INSAT-4C
- Mission type: Communications
- Operator: INSAT
- Mission duration: 10 years planned Failed to orbit

Spacecraft properties
- Bus: I-2K
- Manufacturer: ISRO
- Launch mass: 2,168 kilograms (4,780 lb)
- Dry mass: 950 kilograms (2,090 lb)

Start of mission
- Launch date: 10 July 2006, 12:08 UTC
- Rocket: GSLV Mk.I
- Launch site: Satish Dhawan SLP
- Contractor: ISRO

= INSAT-4C =

Destroyed Indian communications satellite

INSAT-4C was an Indian communications satellite which was lost in a launch failure in 2006. Had it reached orbit, it would have formed part of the Indian National Satellite System. Launched in 2007, it was intended to have operated in geostationary orbit at a longitude of 73.97° east. The INSAT-4CR satellite, launched in September 2007, replaced it.

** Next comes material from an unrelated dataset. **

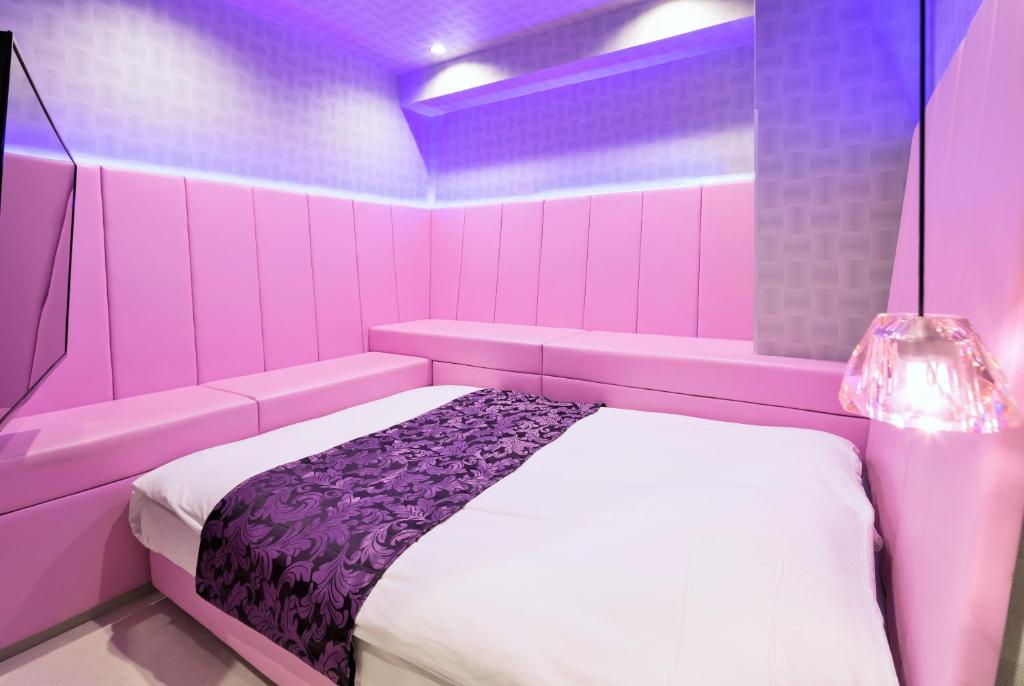 Postel nebo postele na pokoji v ubytování HOTEL THE HOTEL SHINJUKU (Adult Only)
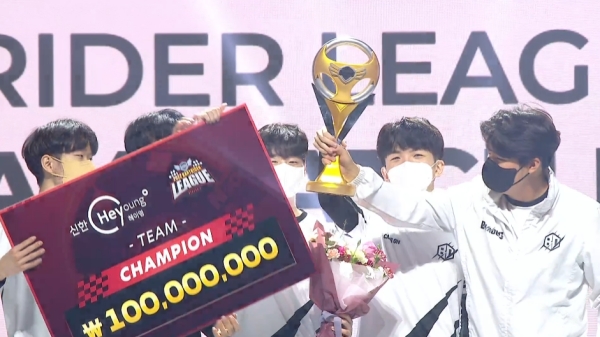 출처=카트라이더 e스포츠 트위치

Built by the Indian Space Research Organisation, INSAT-4C was based upon the I-2K satellite bus. It had a dry mass of 950 kg, or 2168 kg when fully fuelled. It was expected to have operated for ten years. The satellite carried twelve Ku band transponders, with two solar arrays to generate power.

ISRO launched INSAT-4C on the second operational flight of the Geosynchronous Satellite Launch Vehicle, which was flying in the Mk.I configuration. The launch took place from the Second Launch Pad at the Satish Dhawan Space Centre; the first time the pad was used by a GSLV. Liftoff occurred at 12:08 UTC on 10 July 2006. Early in the flight a thrust controller in one of the four liquid rocket boosters failed, resulting in the booster cutting off shortly afterwards. Approximately 55 seconds after launch the vehicle veered off-course and began to disintegrate. The range safety officer subsequently commanded the remainder of the rocket to self-destruct.